[[ DATA LISTING, beginning ]]

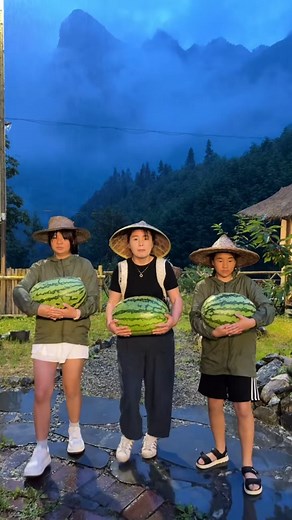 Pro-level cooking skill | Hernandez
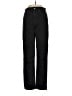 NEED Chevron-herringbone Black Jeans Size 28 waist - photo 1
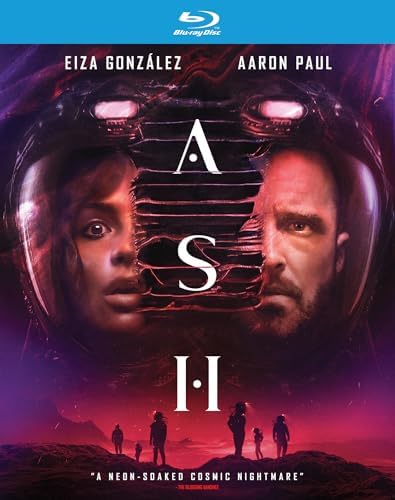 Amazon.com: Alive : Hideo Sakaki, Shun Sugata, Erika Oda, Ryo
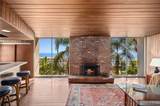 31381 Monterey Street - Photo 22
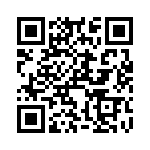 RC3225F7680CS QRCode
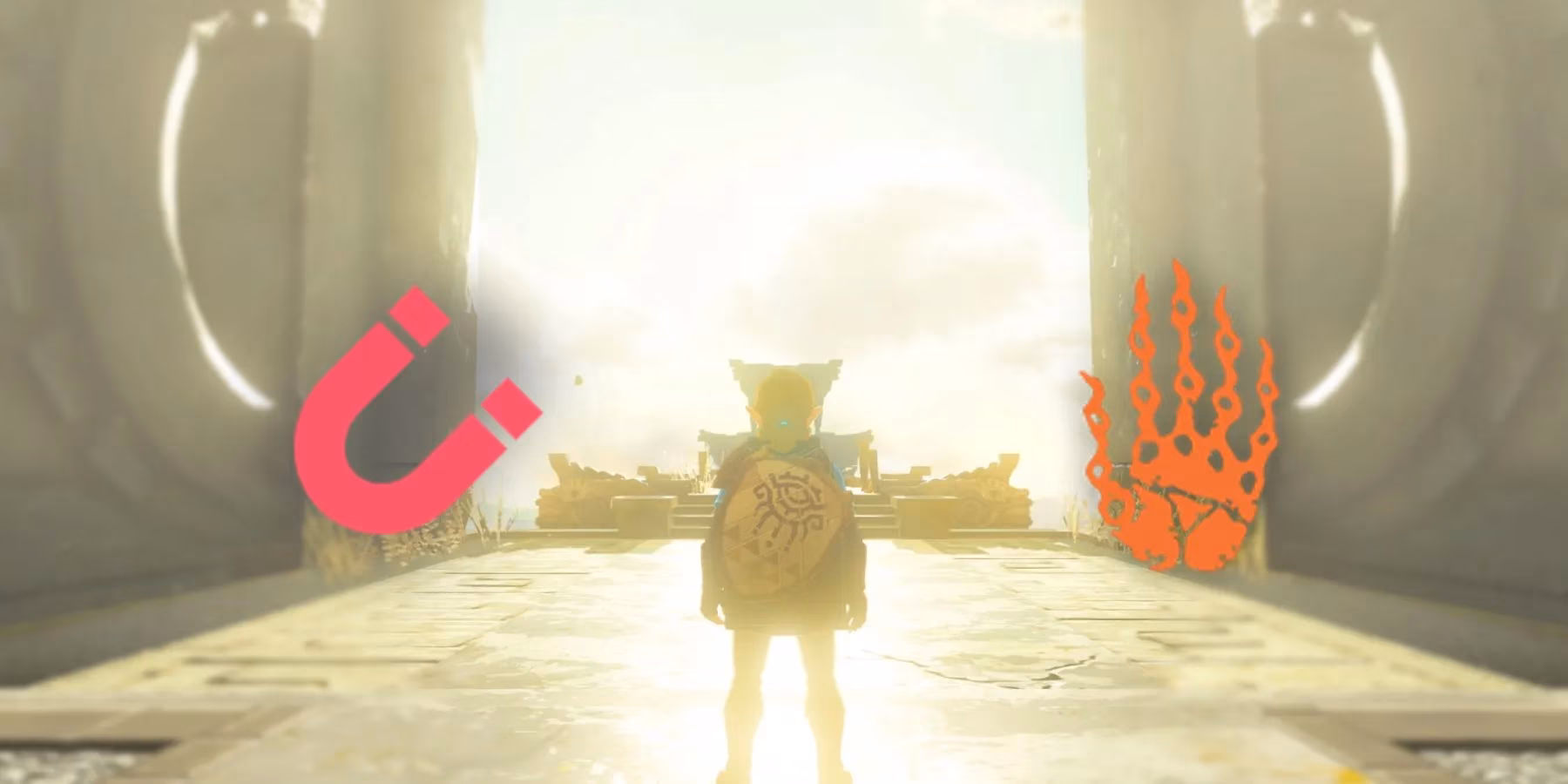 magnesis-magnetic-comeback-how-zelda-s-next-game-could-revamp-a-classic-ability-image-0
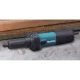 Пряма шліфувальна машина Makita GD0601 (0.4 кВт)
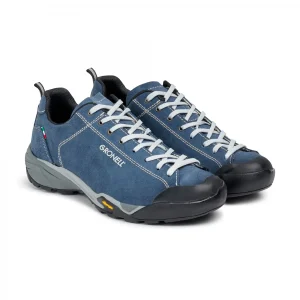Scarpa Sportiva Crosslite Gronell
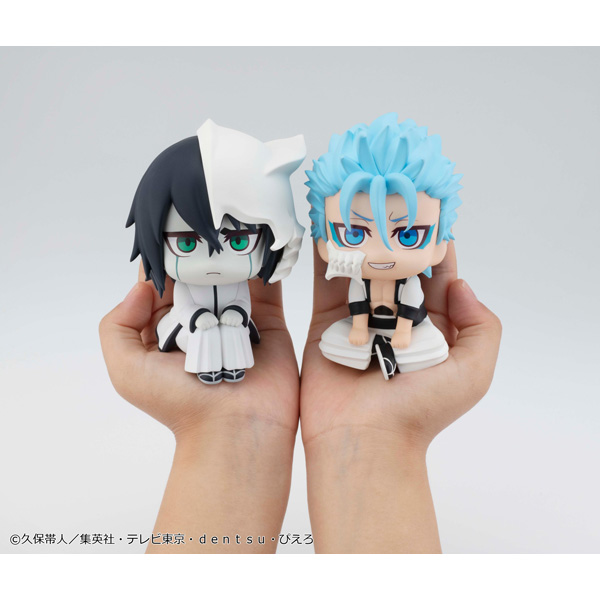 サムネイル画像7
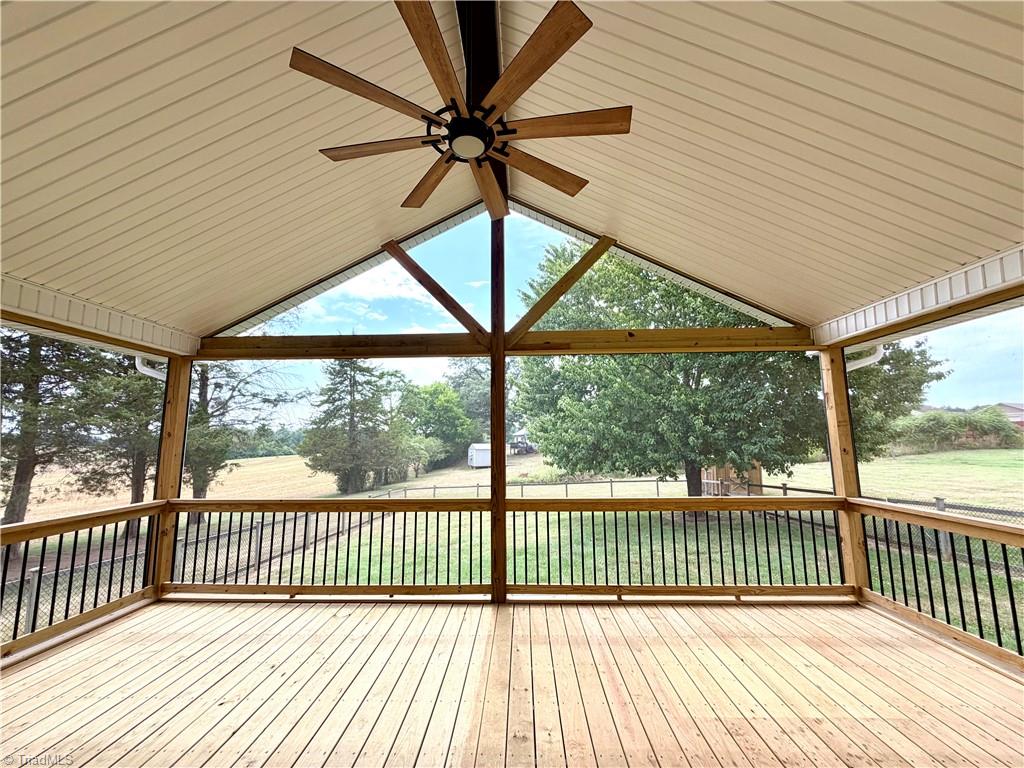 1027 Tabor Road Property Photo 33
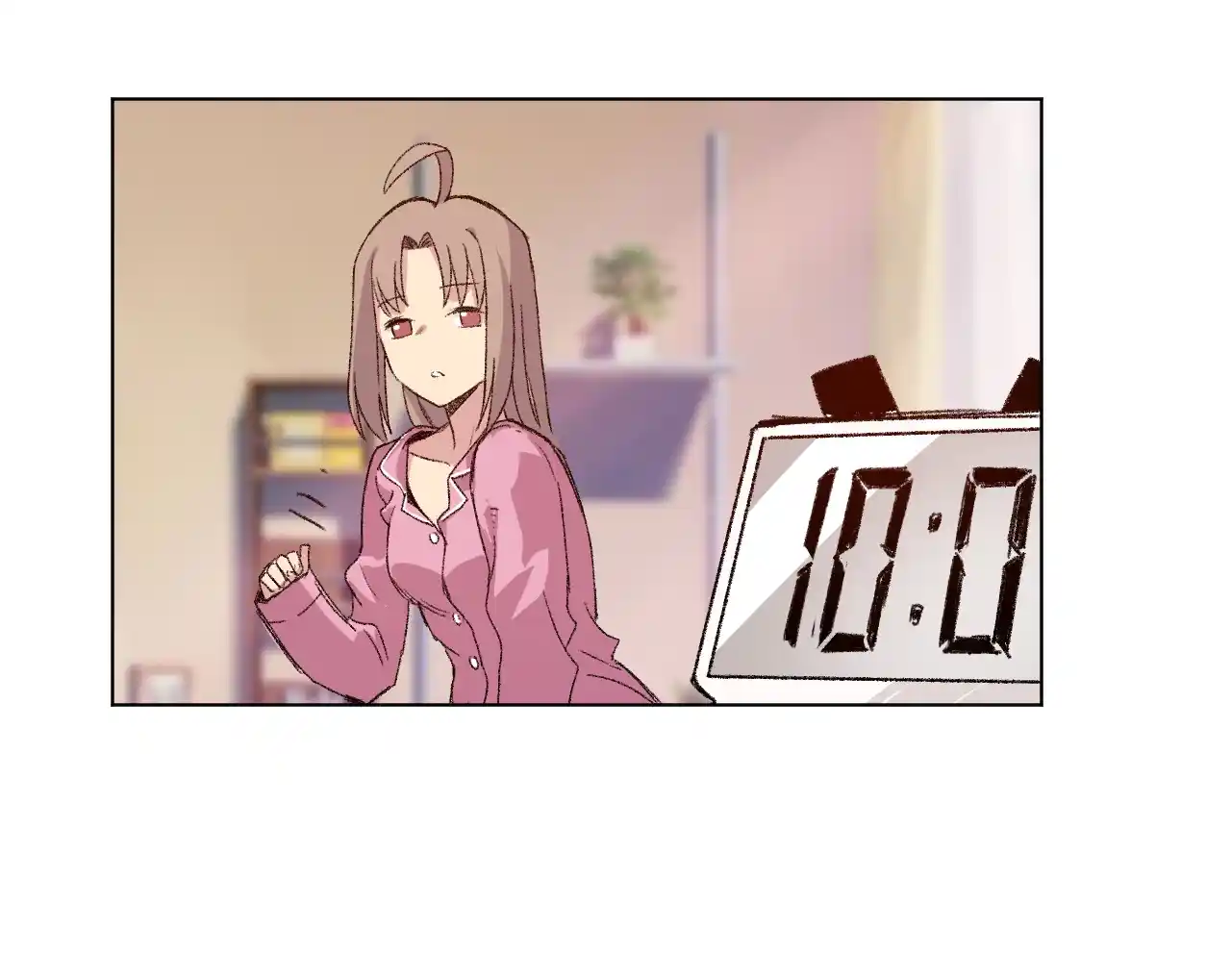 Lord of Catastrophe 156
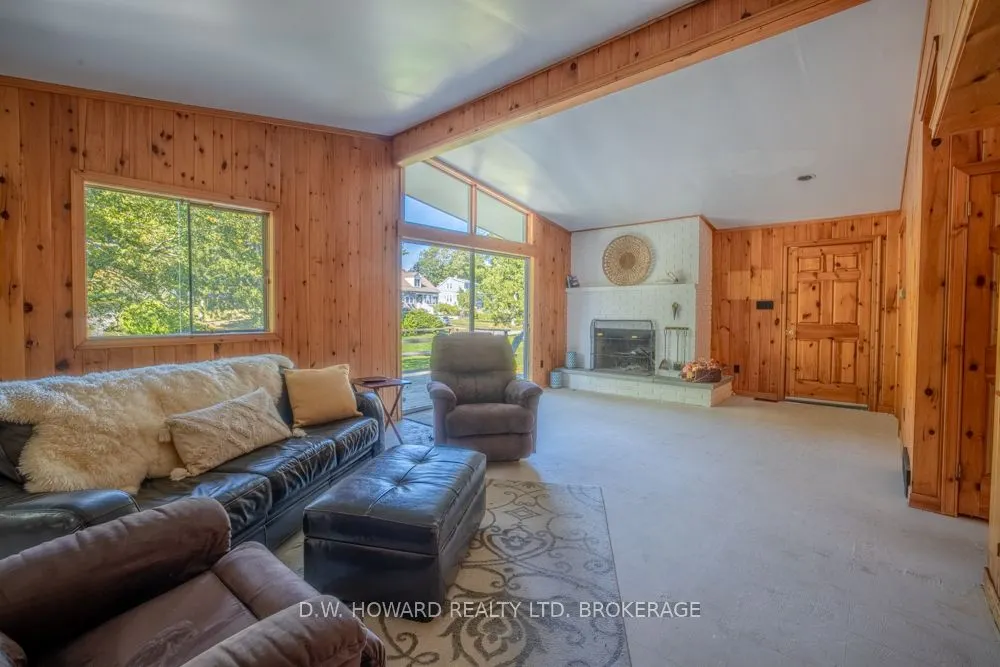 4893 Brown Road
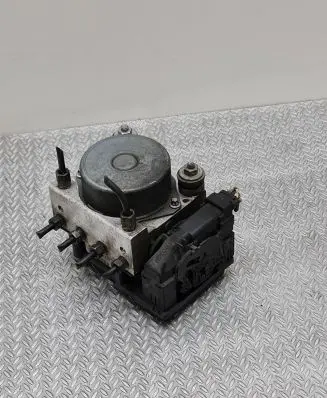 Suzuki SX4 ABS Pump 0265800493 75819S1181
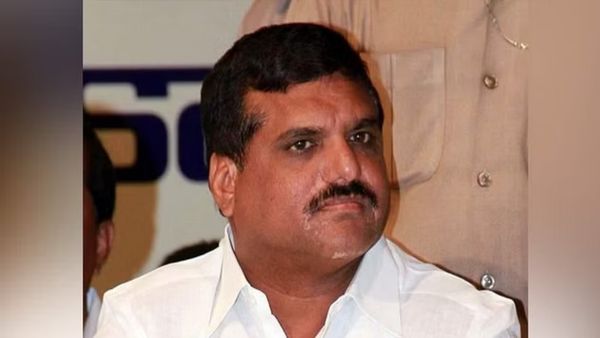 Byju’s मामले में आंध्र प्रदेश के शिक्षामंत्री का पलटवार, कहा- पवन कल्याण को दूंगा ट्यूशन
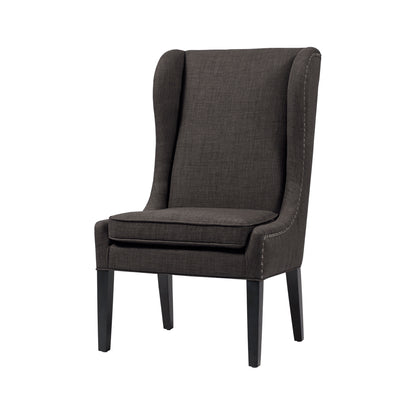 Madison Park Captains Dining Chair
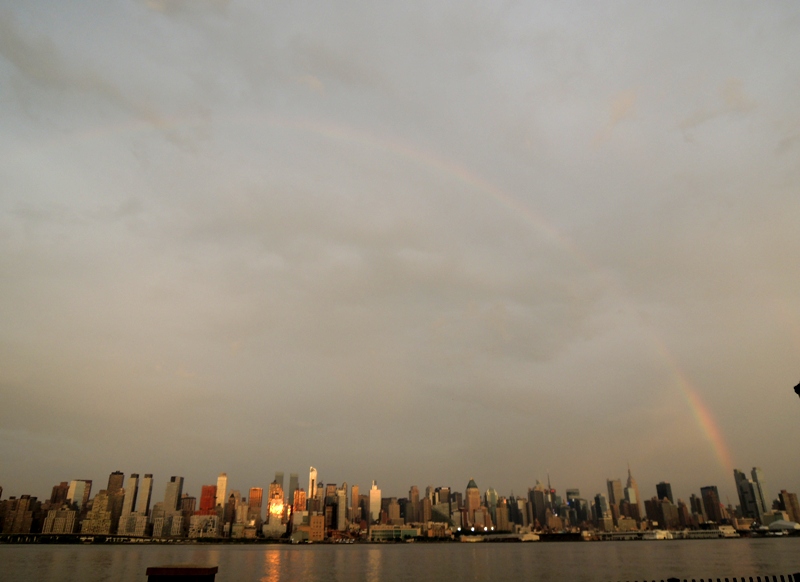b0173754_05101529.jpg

[[ DATA LISTING, end ]]

• [ACTIVITY]:
Every entry should be returned exactly as written, minus the pictures.

• [REPLY]:
 Pro-level cooking skill | Hernandez
 NEED Chevron-herringbone Black Jeans Size 28 waist - photo 1
 Amazon.com: Alive : Hideo Sakaki, Shun Sugata, Erika Oda, Ryo
 31381 Monterey Street - Photo 22
 RC3225F7680CS QRCode
 magnesis-magnetic-comeback-how-zelda-s-next-game-could-revamp-a-classic-ability-image-0
 Пряма шліфувальна машина Makita GD0601 (0.4 кВт)
Scarpa Sportiva Crosslite Gronell
 サムネイル画像7
 1027 Tabor Road Property Photo 33
 Lord of Catastrophe 156
 4893 Brown Road
 Suzuki SX4 ABS Pump 0265800493 75819S1181
 Byju’s मामले में आंध्र प्रदेश के शिक्षामंत्री का पलटवार, कहा- पवन कल्याण को दूंगा ट्यूशन
 Madison Park Captains Dining Chair
b0173754_05101529.jpg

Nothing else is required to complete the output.